Guillaume Bernard : Une partie de l’opinion est, sans doute, acquise à cette idée ; mais parmi ceux qui y sont favorables, nombre des personnes ne se rendent vraisemblablement pas compte des implications symboliques quant au lien social et aux conséquences politiques ne serait-ce que pratiques. Par exemple, le fait que des étrangers (c’est déjà le cas pour des ressortissants des États membres de l’Union européenne) puissent élire des conseillers municipaux, c’est leur permettre de participer, indirectement, au pouvoir législatif puisque, en l’état actuel des choses, les élus locaux constituent la principale cohorte des grands électeurs qui désignent les Sénateurs.

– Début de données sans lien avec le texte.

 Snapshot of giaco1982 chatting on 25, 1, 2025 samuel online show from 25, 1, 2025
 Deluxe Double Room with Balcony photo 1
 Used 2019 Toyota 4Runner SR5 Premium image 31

Cela signifie que la souveraineté législative ne serait plus exclusivement nationale. Cette intention de l’Exécutif heurte une très grande part de nos concitoyens, y compris de gauche, car elle remet en cause un principe fondamental de l’ordre "républicain" : la nécessité de la citoyenneté pour participer à l’élaboration de la volonté générale. Octroyer le droit de vote (et d’éligibilité ?) aux étrangers c’est revenir sur la distinction fondamentale depuis 1789 qui distingue, d’un côté, les droits appartenant à tout homme (les droits civils) et ceux, spécifiquement reconnus aux citoyens (les droits politiques).

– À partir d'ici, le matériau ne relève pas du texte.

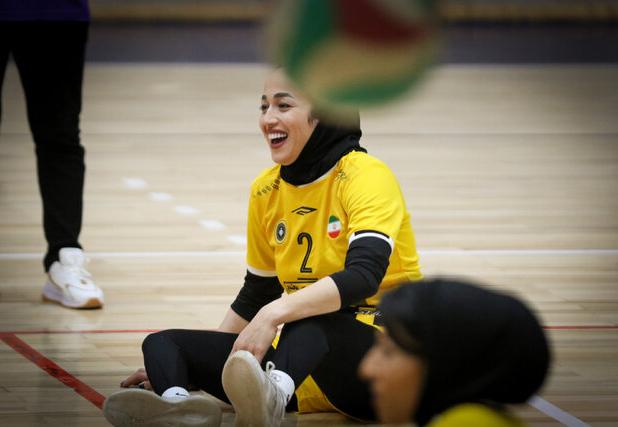 بازیکن تیم ملی والیبال‌نشسته بانوان: سپاهان شناسنامه من است/ به‌دنبال توسعه والیبال‌نشسته در ایران هستیم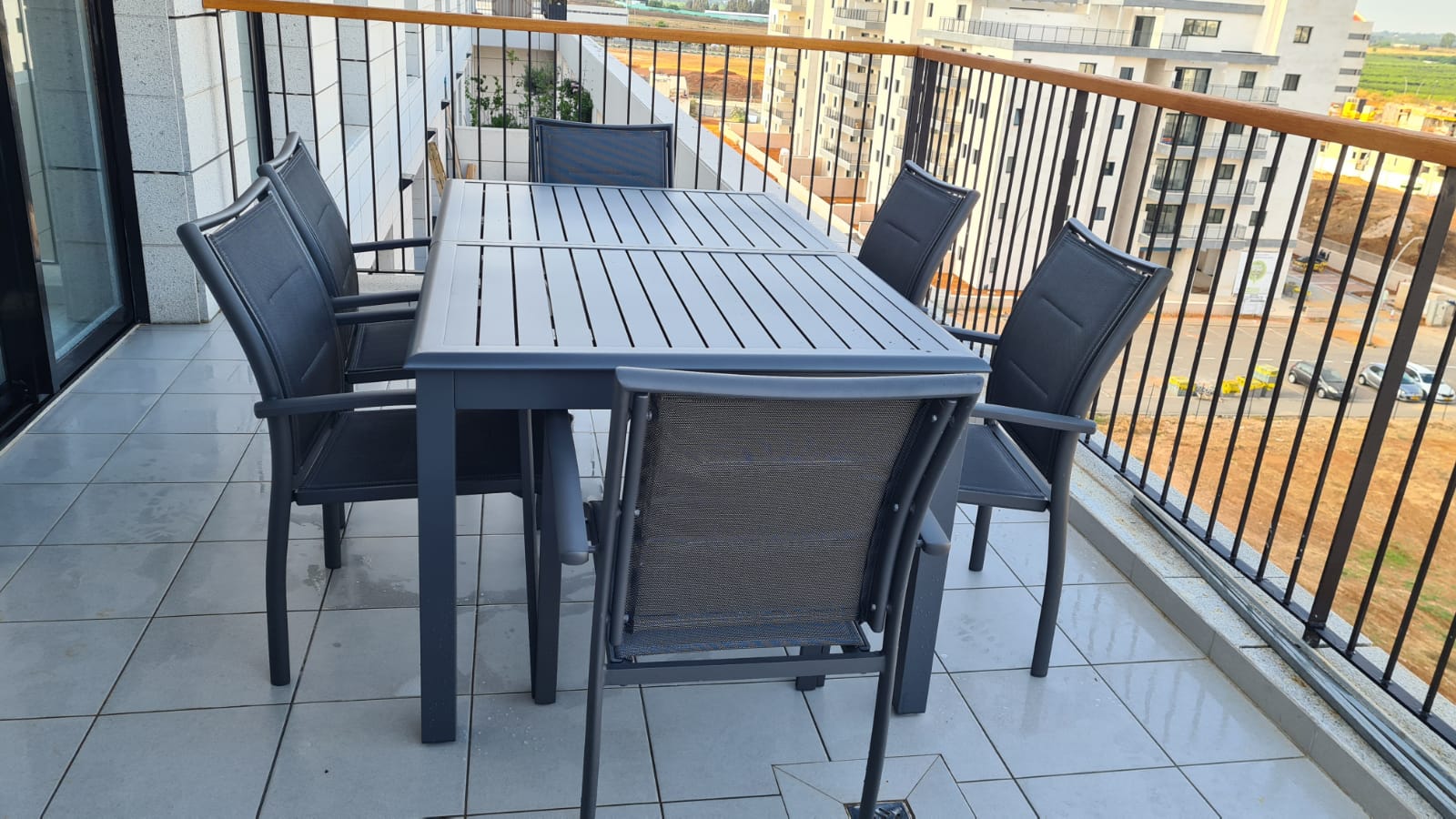 שולחן אלומיניום דגם AZUA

D’où procède cette volonté ? Deux raisonnements peuvent conduire à une telle position. D’un côté l’idéologie du "creuset républicain" qui pose comme principe que, petit à petit, les populations étrangères se laisseront nécessairement dépouiller de leurs spécificités culturelles (ou du moins les relègueront dans la sphère privée) pour adhérer (c’est la théorie contractualiste du lien social) aux valeurs républicaines (de l’ordre public). Cette position, qui élude l’aspect démographique, repose sur l’hypothèse qu’il n’y a pas de différence entre le processus de "francisation" des provinces qui a eu lieu au cours des derniers siècles et celui qui concerne aujourd’hui les immigrés. De l’autre l’idéologie multiculturaliste. Son but n’est pas d’obtenir des étrangers qu’ils abandonnent leur identité d’origine, qu’ils s’assimilent et que, d’une certaine manière, ils se convertissent à la France, mais qu’ils puissent continuer à vivre en étrangers, selon leurs coutumes, et qu’à terme l’identité française en soit transformée. Certaines populations étrangères ou d’origine immigrée étant devenues très importantes voire prédominantes dans certains lieux, donner le droit de vote à tous les habitants d’une commune revient à se résigner à abandonner certains territoires de la République à des influences politiques culturellement exogènes. Cette position repose sur l’hypothèse que l’identité française aurait déjà évolué par le passé et ne serait pas restée, jusqu’à très récemment (grosso modo les Trente glorieuses), globalement stable.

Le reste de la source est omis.